Your objective: Give the records again exactly as written. Leave out the pictures.

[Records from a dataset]
::::::
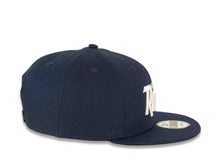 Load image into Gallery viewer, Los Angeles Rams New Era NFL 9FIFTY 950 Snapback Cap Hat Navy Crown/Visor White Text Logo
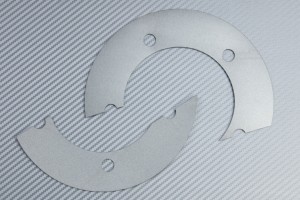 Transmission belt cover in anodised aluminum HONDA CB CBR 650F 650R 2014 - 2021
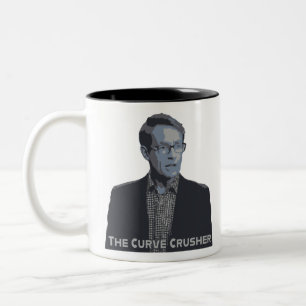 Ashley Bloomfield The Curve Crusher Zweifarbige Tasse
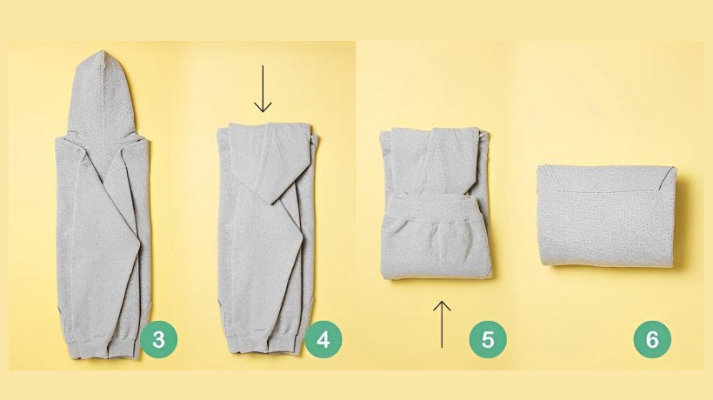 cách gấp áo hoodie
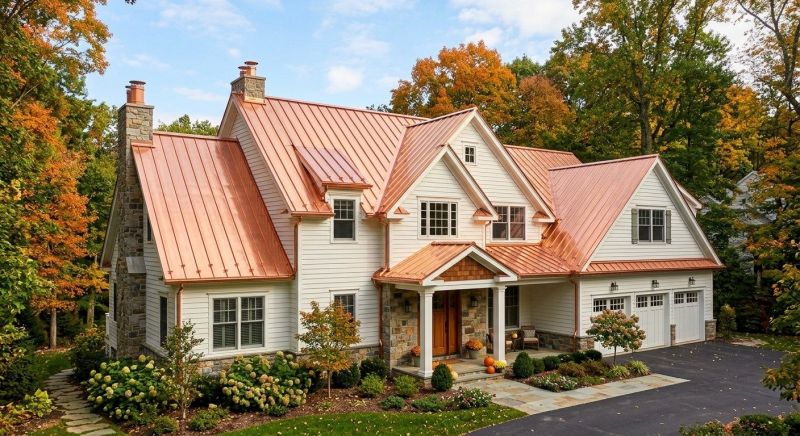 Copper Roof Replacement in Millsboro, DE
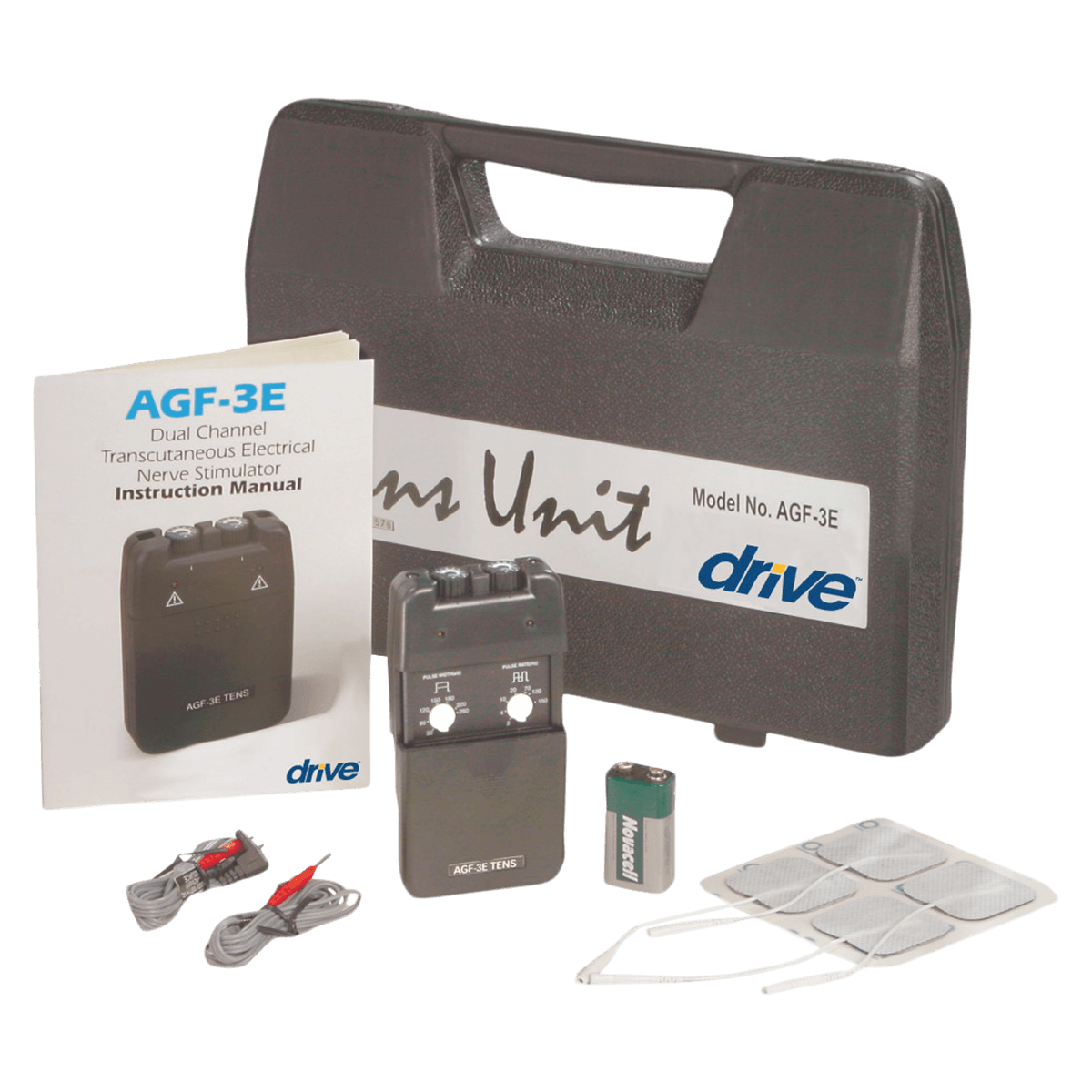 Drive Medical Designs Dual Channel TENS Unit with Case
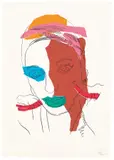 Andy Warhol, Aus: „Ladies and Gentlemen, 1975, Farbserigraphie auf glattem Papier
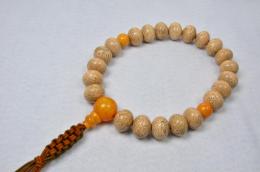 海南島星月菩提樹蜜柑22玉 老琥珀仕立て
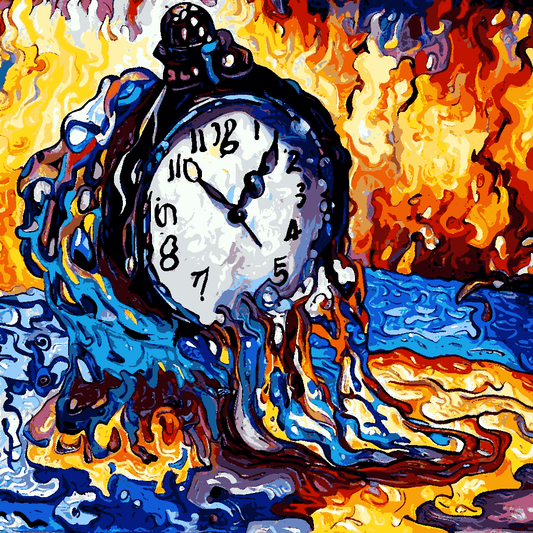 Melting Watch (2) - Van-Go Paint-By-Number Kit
::::::
Solution for this exercise:
 Load image into Gallery viewer, Los Angeles Rams New Era NFL 9FIFTY 950 Snapback Cap Hat Navy Crown/Visor White Text Logo
 Transmission belt cover in anodised aluminum HONDA CB CBR 650F 650R 2014 - 2021
 Ashley Bloomfield The Curve Crusher Zweifarbige Tasse
 cách gấp áo hoodie
 Copper Roof Replacement in Millsboro, DE
 Drive Medical Designs Dual Channel TENS Unit with Case
 Andy Warhol, Aus: „Ladies and Gentlemen, 1975, Farbserigraphie auf glattem Papier
 海南島星月菩提樹蜜柑22玉 老琥珀仕立て
 Melting Watch (2) - Van-Go Paint-By-Number Kit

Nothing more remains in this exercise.